MUHAMMADAN ARCHITECTURE AT MANDU, JAUNPUR, AHMADĀBĀD, AND GAUR

Many other remarkable monuments of the Afghan rule in India are found at Mandu, the former capital of the Sultanate of Mālwā founded by Dīlāwar Shah in the beginning of the fifteenth century, when Timūr's bloody raid into India gave him an opportunity of renouncing his allegiance to the Sultans of Delhi.

Mandu, built upon a grand plateau overlooking the valley of the Narbadā river, was in its time one of the most formidable of the hill fortresses of India. It played a conspicuous part in the history of the fifteenth and sixteenth centuries, and its imposing palaces, mosques, and tombs, reservoirs and dharmasālas, or rest-houses for travellers, designed with the stern simplicity of the Sunni sect to which most of the Afghan Sultans belonged, still testify to the architectural magnificence of an Indian royal city in those days.[1]

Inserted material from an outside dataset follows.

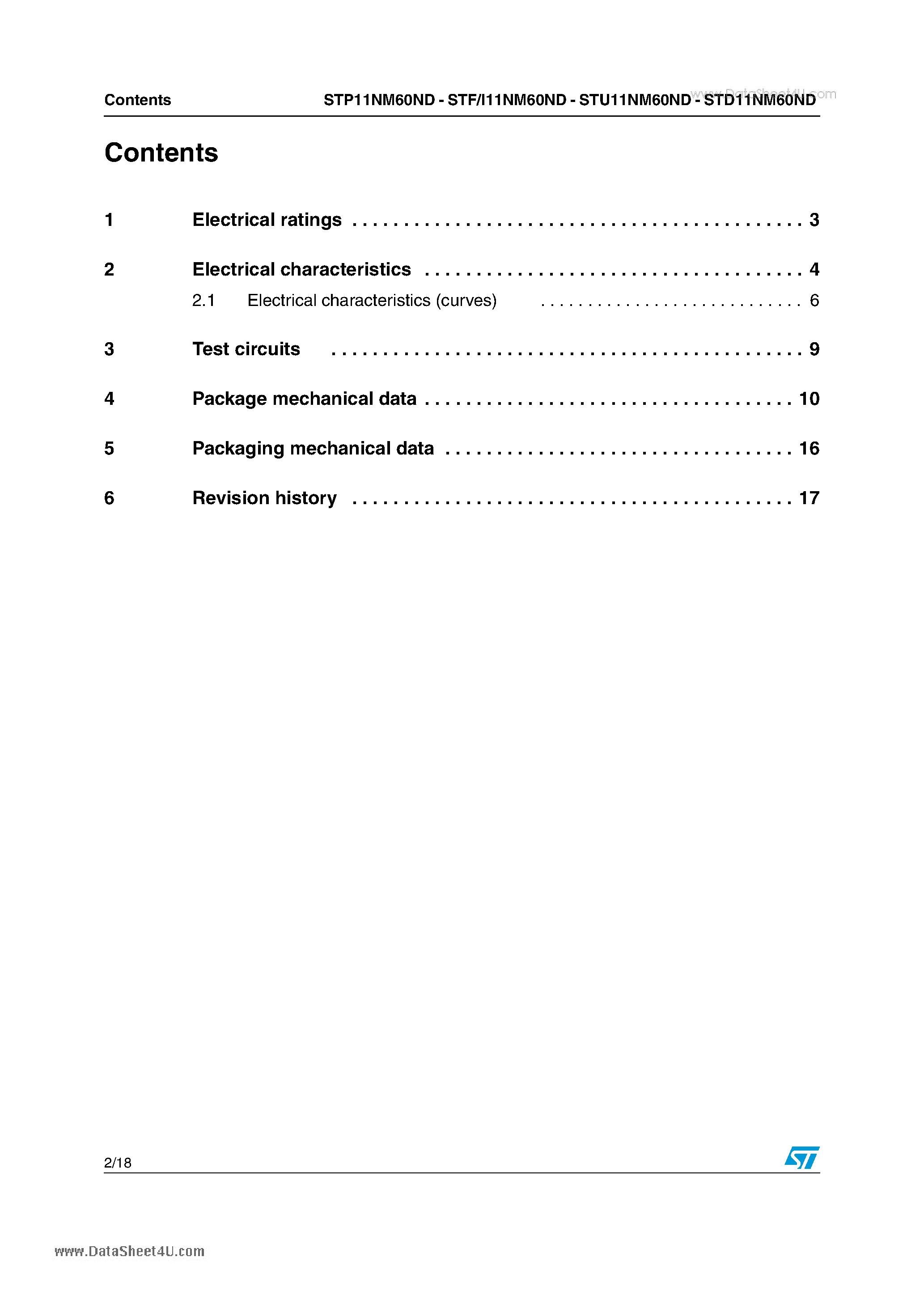 Даташит STU11NM60ND - Power MOSFET страница 2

The fine mosques of Jaunpur represent another local development of the same school, most likely based upon the pre-Muhammadan craft traditions of Benares, which had been a great building centre from the dawn of Indian history right down to modern times. Jaunpur was founded by the Delhi Sultan

  1. A summary of the romantic history of Mandu is given in the History of Aryan Rule in India, by the Author (Harrap), pp. 347-55.